How Isaac NPC Control works

Since Isaac has its roots in machine learning and unsupervised pattern recognition, it is quite different from 'conventional' Artificial Intelligence algorithms that are used in Games. That is also reflected in its interface, and while both can control non-playable characters (NPCs) in games, there are some commonalities, but also stark differences. Let's start with the commonalities.

Isaac needs to know about the world it lives in. Isaac doesn't have eyes or ears, so it needs to constantly be updated from the game (engine) about what is happening in its surroundings. One difference to game AI right there is that the game needs to continue its information flow even if the NPC is outside of the range of human players, since it needs the compute cycles to think about its strategies and goals, but what it has in common that it needs the location and qualities of objects (obstacle, danger, etc.) and other players in its range. In practical terms, this necessitates frequent communication with the game engine, as it is implemented for conventional NPC control, which can either be done through navigation meshes or by directly feeding the location of objects. Note, however, that Isaac will not store any map information internally, other than remembering it in its memory, so the information needs to continue to stream in. In return, Isaac will provide a proposed action, for which the game then decides the outcome and communicates it back to Isaac. As s simple example, Isaac is moving forward towards a cactus. Unaware of what a cactus does to him, we will try to run through. The game engine then has to tell Isaac that (a) he was unsuccessful in running through, and (b) it really, really hurt! With this information, Isaac will learn to never do this again. However, he might also figure out that it could be a good strategy to push an opponent into a cactus. 
 
In abstract terms, every object in the game is an entity that has coordinates and a list of properties. Entities are both immovable objects that are part of the map, as well as movable objects that are e.g. controlled by a physics engine, or the players themselves. Note that each instance of Isaac is an entity as well. The game defines the list of properties, where a property has a name and a floating point value. Those can be descriptive properties (e.g. shiny, blue, wet, sticky, tasty etc.) as well as functional ones (e.g. ammo, health, etc.). Coordinates are communicated relative to Isaac's position, which needs to be kept track of by the game. The game also decides which entities are communicated to Isaac, e.g. only entities that are in sight. For NPC control, each Isaac has a list of possible game-defined actions, where each action has again a name and a numerical value (e.g. move forward/back, move left/right, look up/down, shoot gun etc.).
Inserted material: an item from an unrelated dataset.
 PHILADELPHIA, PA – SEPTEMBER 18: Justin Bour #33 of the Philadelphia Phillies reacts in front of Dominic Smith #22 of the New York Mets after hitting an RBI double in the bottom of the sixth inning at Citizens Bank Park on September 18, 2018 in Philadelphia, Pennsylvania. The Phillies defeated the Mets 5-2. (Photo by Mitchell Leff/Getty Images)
On a technical level, Isaac has a multi-level architecture, with its most basic building blocks being Artificial Neural Networks (Self-organizing Maps, SOM), Hidden Markov Models (HMM), and Non-linear Optimization Methods (NLO). For processing and storing information, Isaac has several types of memory. First, it has a conceptual memory which organizes entities by similarity through a high-dimensional SOM. Note that the organization is influenced by the interaction with the entities, e.g. at that level, it does not matter which color a brick has, but it matters that one needs to jump on it to get over it. For other purposes and other parts of the memory, however, it might matter very well what color a brick has, as it can e.g. serve as a landmark in Isaac's spatial memory. For processing events in temporal order, Isaac has a short-term memory, which consists of multiple layers of SOMs that are each organized in form of a hyper-torus, where information gets "bubbled" through the chain in the order in which they occur, and to increasing degrees of abstraction. A long-term memory complements that component and keeps a two-way communication: information from the short-term memory updates the long-term memory, while a non-linear optimization algorithm searches the long term memory both for predictions of the immediate future, as well as for more long-term strategies, which is done through associating the current situation with situations from the past, allowing for hypothesizing a completely new course of action through combining elements of past experience.


Software and architecture

Isaac is written in C++ and currently runs on Linux and MacOS X.